» Data:
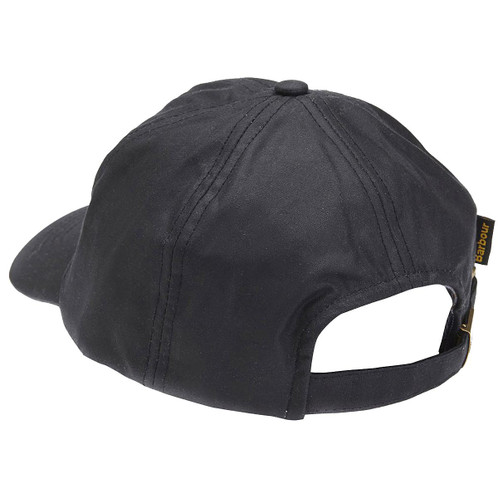 Barbour Mens Wax Sports Cap Rear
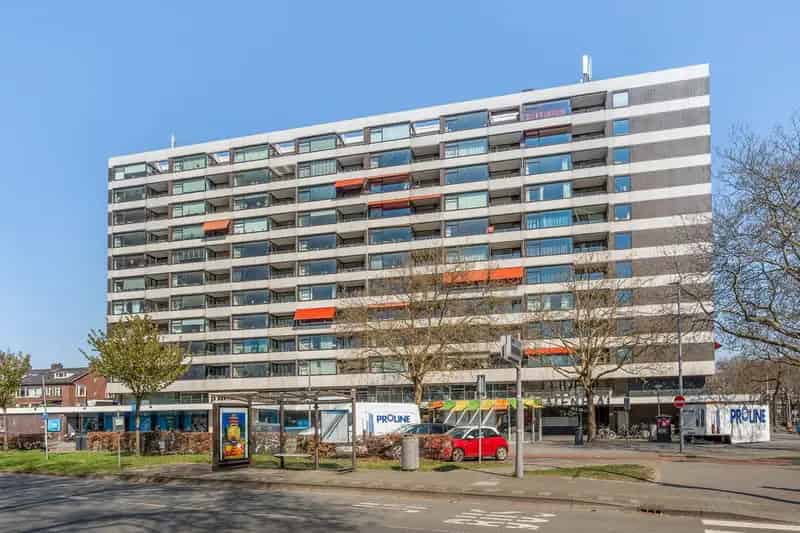 2 Kamer Appartement 56m2 West Terras Blijdorp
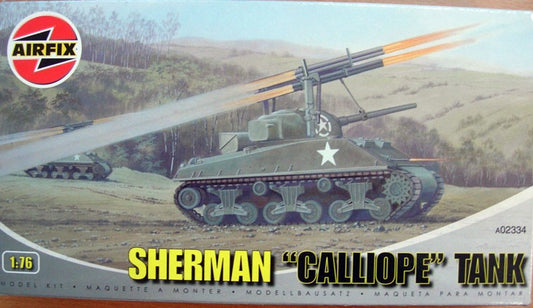 AX02334V AIRFIX 1/72 SHERMAN  CALLIOPE  TANK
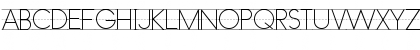 Download AbcPrintLined Regular Font Uppercase Preview
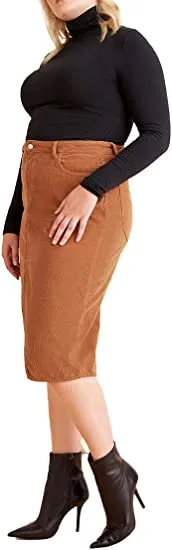 Warp   Weft | MLE - Midi Skirt | Turmeric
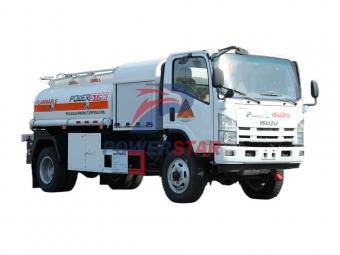 ISUZU fuel tank truck 8000 liters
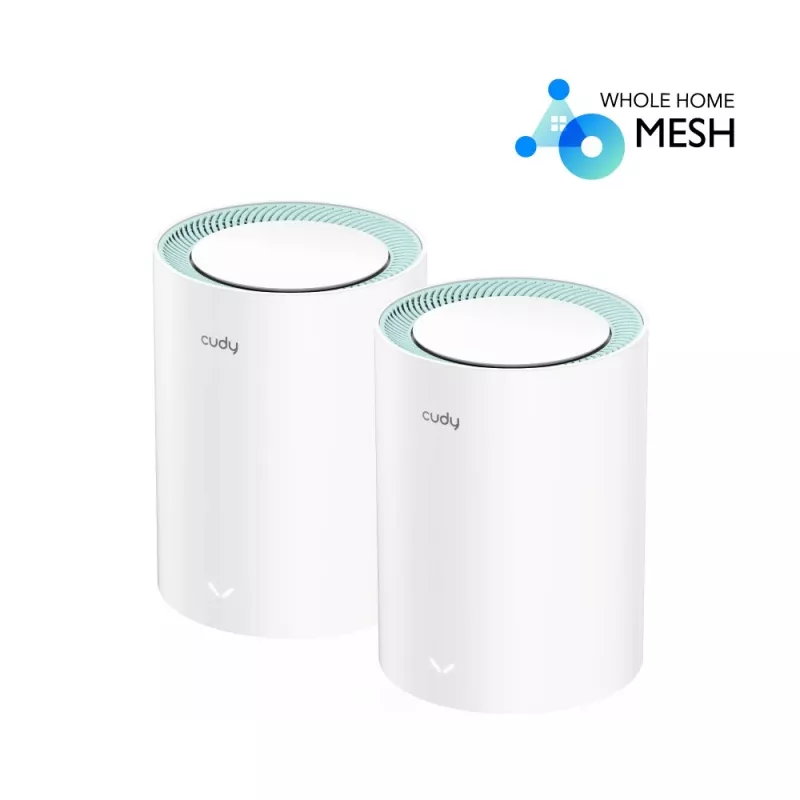 Mesh sistēma Cudy M1300 2-PACK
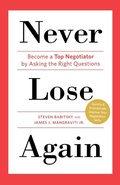 Cover: Never Lose Again - St. Martin's Griffin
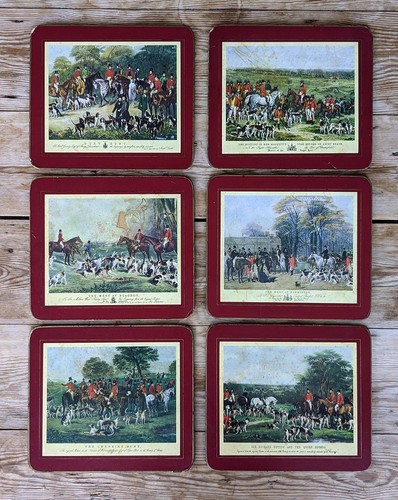 Set vintage cloverleaf - set,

» Task description: Set down exactly, and only, the lines from the one holding "Cover: Never Lose" to the end of the records above, leaving every picture out.

» Your response:
 Cover: Never Lose Again - St. Martin's Griffin
 Set vintage cloverleaf - set,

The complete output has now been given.